Artinya media tidak memberi porsi representasi yang layak bagi penyandang disabilitas. Selain itu, media menampilkan disabilitas sering mendapat representasi yang keliru, penyandang disabilitas secara tidak adil dikotak-kotakan pada berbagai streotip yang menentukan pandangan masyarakat umum tentang mereka.
Dalam penelitiannya Paul Hunt menemukan berbagai streotip disabilitas di media. Diantaranya, menyedihkan dan perlu dikasihani, objek rasa penasaran, jahat atau licik, objek inspirasi, objek tertawaan, beban masyarakat, atau sebagai makhlul aseksual. Streotip media ini mempengaruhi cara pandang kita dan merugikan penyandang disabilitas.
Contohnya, pada riset tahun 2010 Erin Pritchard mengklaim banyak orang bertubuh kecil, atau menyandang dwarfisme merasa dirugikan citra mereka di media. Media cenderung menggambarkan mereka sebagai orang yang periang dan mempunyai selera humor tinggi. Salah satu akibatnya adalah masyarakat kerap memperlakukan mereka sebagai lelucon, ketika mereka menolak perlakuan itu mereka dianggap kaku dan terlalu serius ini semua karena streotip media tadi membentuk ekspetasi masyarakat dan mereka malah dianggap aneh jika tidak sesuai ekspetasi itu.
Penyandang disabilitas juga kerap ditampilkan dalam narasi inspiratif di media. Biasanya, acara jenis ini mengagungkan pencapaian-pencapaian penyandang disabilitas dan kemampuan mereka menghadapi rintangan,wajar kalau narasi sejenis ini muncul. Tapi, meski terkesan positif bingkai ini bisa bermasalah jika dilakukan secara terus menerus. Saking menjengkelkannya, narasi ini sering disebut sebagai Inspiration Porn.

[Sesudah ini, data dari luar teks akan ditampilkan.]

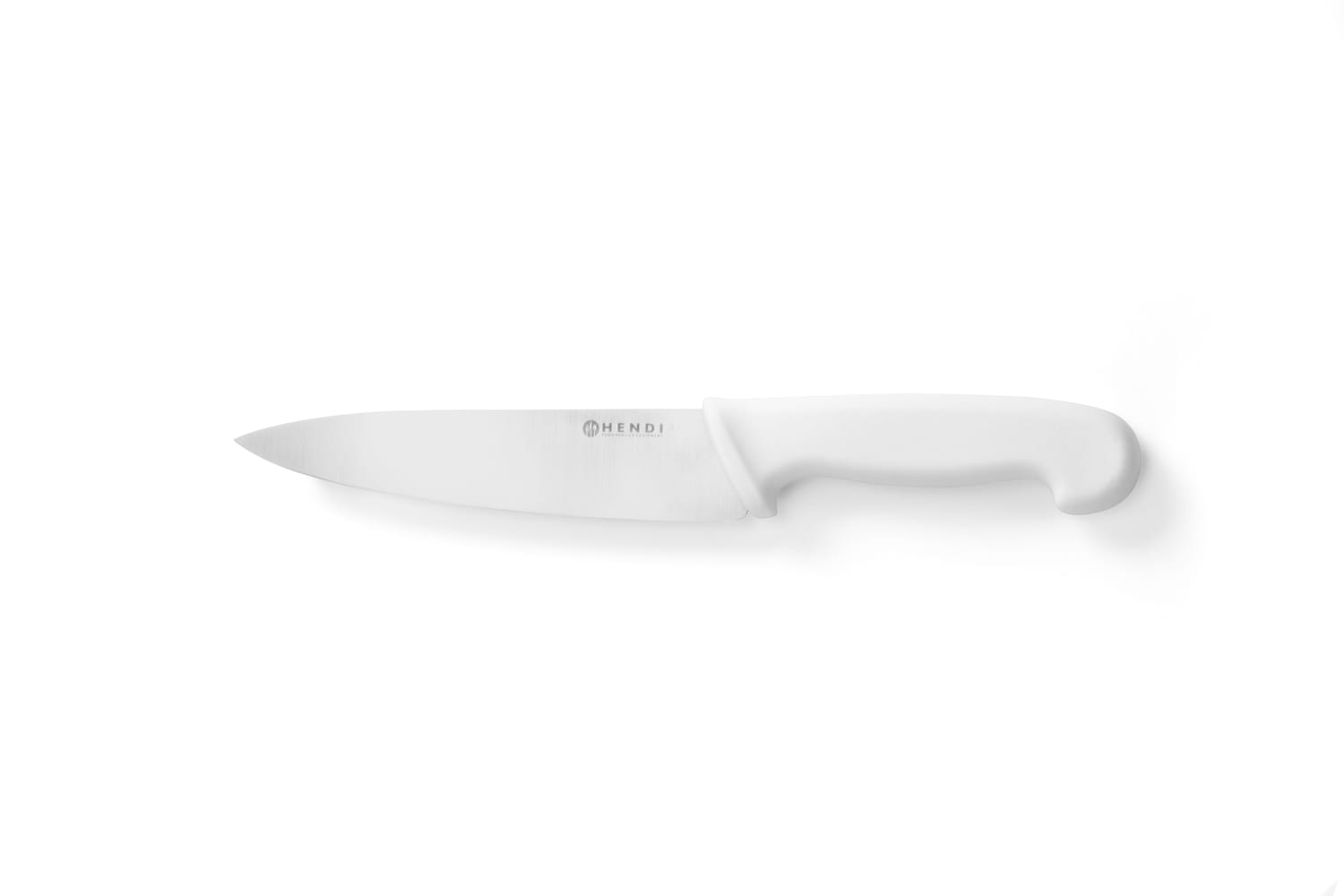 Nóż kucharski ostrze 18 cm, biały HACCP | 842652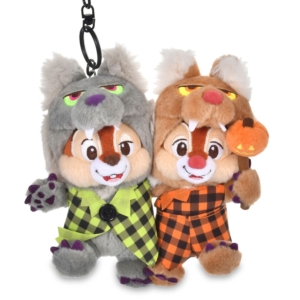 掛件 チップ＆デール ぬいぐるみキーホルダー・キーチェーン DISNEY HALLOWEEN DSJ2608E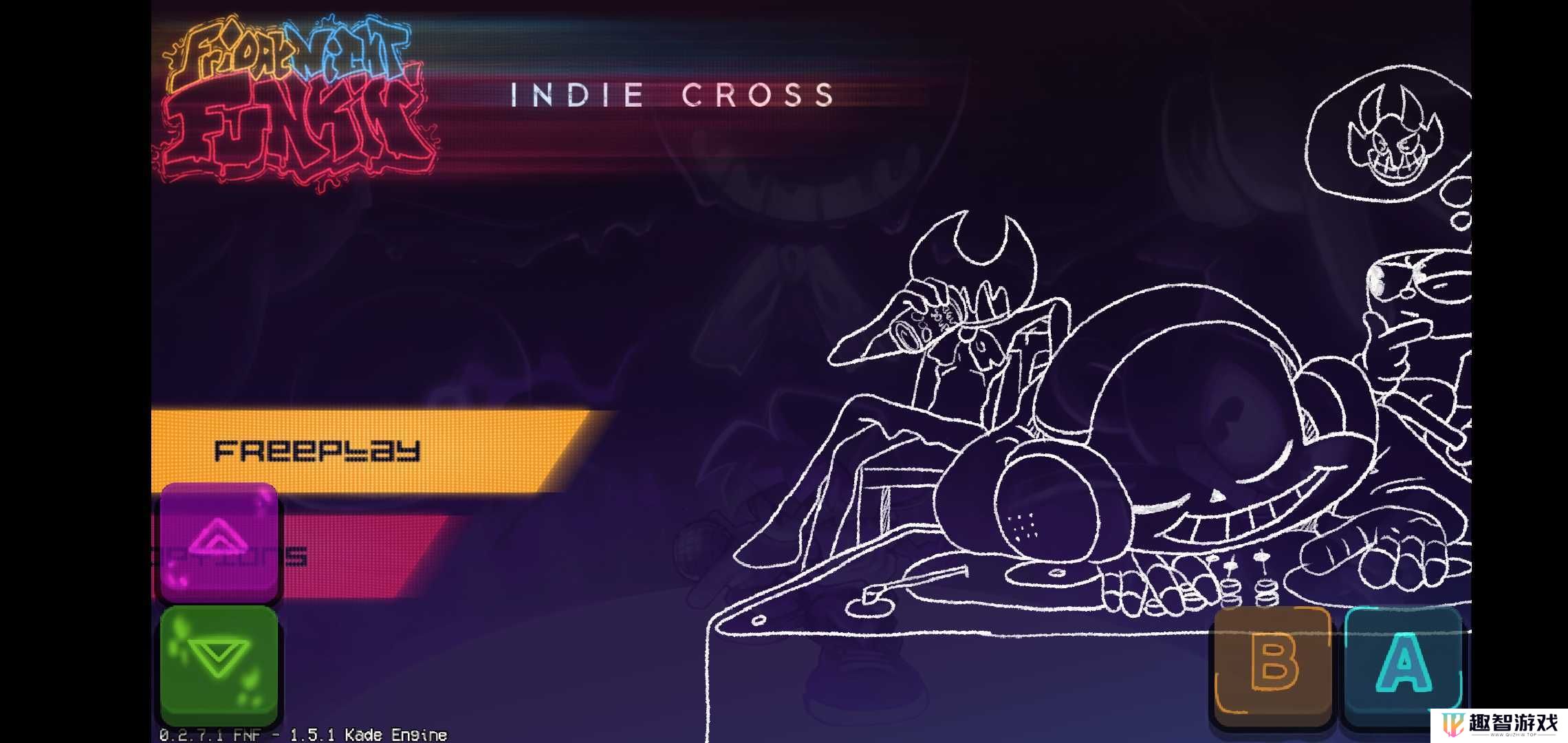 周五夜放克indie cross模组(indie cross recreation)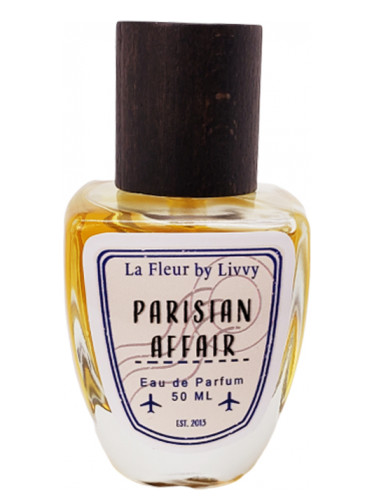 عطر ادکلن ا پریژین افر لافلور بای لیوی - A Parisian Affair La Fleur by Livvy - بررسی، قیمت و خرید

Masalahnya, narasi ini sering membuat kita fokus pada heroisme penyandang disabilitas dalam menghadapi tantangan. Namun, dengan fokusnya terhadap heroisme individu, ia luput membahas siapa penjahatnya. Penjahatnya adalah lingkungan fisik dan sosial yang mempersulit hidup mereka. Kita bisa lupa, bahwa rintangan-rintangan itu seharusnya dari awal tidak ada. Idealnya, bukanlah sesuatu yang istimewa bagi penyandang disabilitas untuk bisa sekolah, bisa jalan-jalan di seantero perkotaan dan memiliki pencapaian-pencapaian pribadi.
Tapi, karena kita secara sosial tidak memperjuangkan fasilitas yang ramah disabilitas pencapaian ini jadi sesuatu yang spesial. Pada akhirnya, narasi inspirasi ini tetap mendifinisikan penyandang disabilitas sebagai "lain" berbeda, bukan sebagai manusia yang setara. Penggambaran seperti ini tidak ditunjukan untuk menguntungkan penggambaran kelompok disabilitas tapi untuk hiburan khalayak.
Streotip ini membuat kita gagal memahami isu disabilitas secara adil dan menyeluruh. Media tidak memandang mereka setara dengan manusia yang non-disabilitas, manusia yang kompleks dan punya banyak dimensi. Penyandang disabilitas tidak butuh dikasihani atau diagung-agungkan yang mereka butuhkan adalah kesempatan.
Kita perlu mendorong representasi penyandang disabilitas yang didasari kesadaran atas hak-hak mereka bukan didasari rasa kasihan. Namun sulit untuk mendorong perspektif yang adil ini selama media belum menampilkan mereka sebagai manusia yang utuh.